I believe my man-card has just been revoked.
I want to say I was talked into playing this (Nick, you just might owe me one!) [Well, you looked the best in a skirt. ~Ed. Nick]. But I took it for mainly two reasons: First, I enjoy my music games; and second, I figured that it would be horrible and cheap, which would make this review all the easier to write up.
[image1]This really is a sequel, which surprised me since I’d never heard of the first one… and I worked the gaming retail for over a year, including the launch of the Wii and PS3 (admittedly,
no one is I wasn’t looking for a cheerleading game to whet my appetite). It starts out with only a handful of songs, a couple of outfits to personalize the squad with (though if you’re creative enough, you can find a way to throw some bad words over a logo) and a pom-pom full of dreams for your up-and-coming squad.
After a few plays of a few songs, another group of tunes will be unlocked along with a few new squad-mates, and after another few rounds of play, a third batch. And that’s really about it… after an hour or so of play, everything will be unlocked, and unless you have a serious attachment to “GNO (Girls Night Out)” by Miley Cyrus, the “charm” wears off quickly.
We Cheer 2 is really just Dance Dance Revolution with a cheerleading twist: move your arm(s) to 30 songs, ranging from the expected cheerleading staples (“Tubthumping” and “Mickey” being two stand-outs) to songs I was surprised to see.
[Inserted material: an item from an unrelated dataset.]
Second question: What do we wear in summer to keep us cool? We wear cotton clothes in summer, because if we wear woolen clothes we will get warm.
Like “Beat It", originally by Michael Jackson, but covered by Fall Out Boy featuring John Mayer… it makes me feel dirty just typing that. Compared to DDR though, the list might be of overall notable quality – there are groups and artists that normal Americans have heard of – but it’s a much shorter list, which is disappointing compared to anything Bemani-made.
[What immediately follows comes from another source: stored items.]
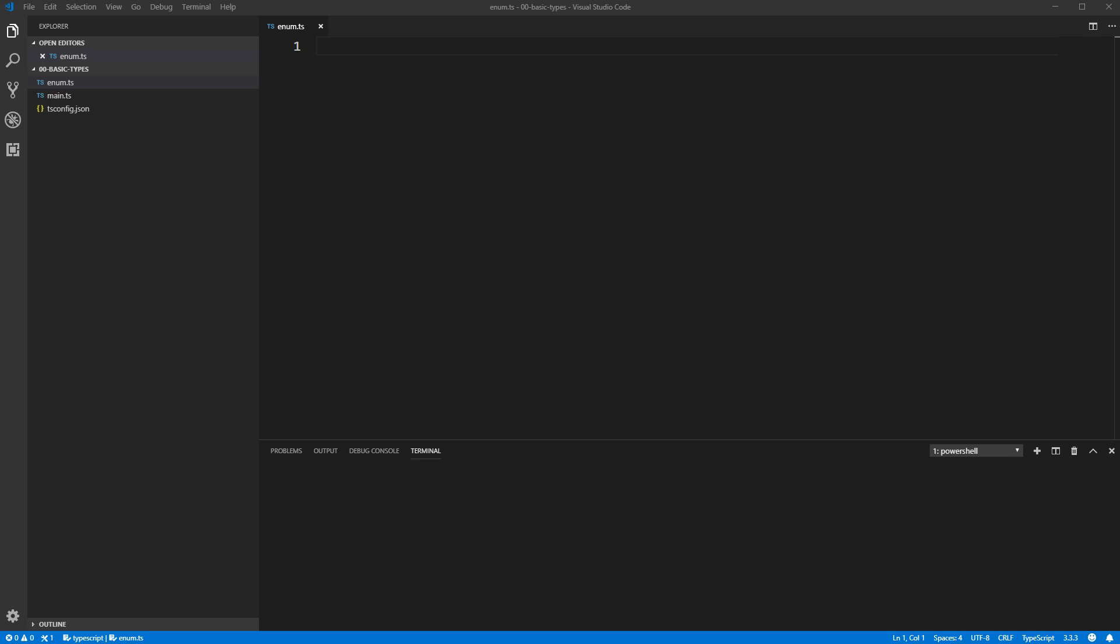If you're familiar with enumerations from other languages like C, C++, or another language, they're very similar in TypeScript, though there are a few differences that you'll see as we go over the various features.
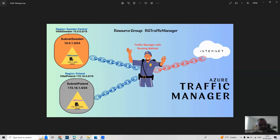After creating the web servers, we'll create a Traffic Manager with different traffic routing methods. The Traffic Manager will decide which traffic is directed to which web server. I think we can start making the resource groups, virtual networks, subnets, and virtual machines now.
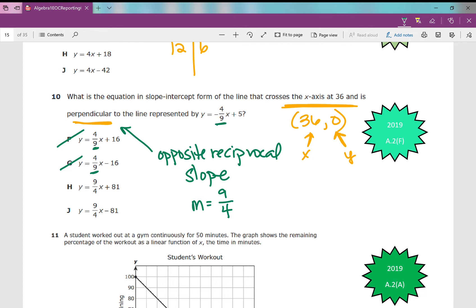Now with only two answer choices left — both already solved for y — plug each into y equals on your calculator and see which one contains the point (36, 0) in your table of values. Using second graph, you'll find that answer J gives you that point in the table of values.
[image2]One notable disappointment is that each animation is static; nothing the player does directly affects what happens on the screen. Whether you miss one or two swings or a handful in a row, the characters on-screen will just keep going along in a fixed canned animation as if nothing happened. There are no stumbles or missteps that impact the song or how well any character is dancing and cheering, which keeps a lot of the personality that could have otherwise been in the game from reaching the player. And with each character looking like they belong on the PS2 (at best), watching each animation is almost like watching skinny little stick figures kick at ghosts and faux-hump the air.
But wait! Did I mention that you can customize your characters and squad? You can actually choose to doll up these Bratz doll wannabes just the way you want. Adjust their tops, their bottoms, their accessories, and even their shoes (but that’s all, nothing weird) to your liking, and watch them perform in your colors and in your carefully selected outfits. After only four songs or so, you will find yourself with plenty of cash to buy whatever you like from the shop and will be able to do whatever you like to your pixilated teenagers.
And even though there are plenty of outfit pieces to choose from, a lot of them look similar enough to each other that they’re not really “new” pieces, just barely-different versions of each other. It’s a letdown to be buying the same style of top twice or more (not that I bought anything, that would be silly… except that I bought out the shop’s tops my first time in… don’t judge me, it’s my job!).
[image3]I have to admit, though, that waving my arms around like a wild twelve-year-old girl is, surprisingly, quite amusing. Even if the lines are very easy to hit on the default setting, it’s enough of a workout for the arms. Players can choose to use one or two Wii-motes to play with, each controlling one side’s pom-pom. It’s about as simplistic and natural as the Wii gets, which is the game’s strongest point. Though it’s not that strong a point, since the limited playlist and bare-bones extras don’t make the game appealing for long.
I guess if you find yourself in need of a game for a preppy young lass, this could be a recipe for success. If you’re a fan of rhythm games, there isn’t anything here of substance, so any fun you have while waving to an imaginary virtual jailbait kid won’t last too long.
Now if you’ll excuse me, I haven’t bought every pair of shoes yet… and they need a blue stripe! Light blue, not too dark, or it’ll clash! Dammit, KICK HIGHER, KIMMY!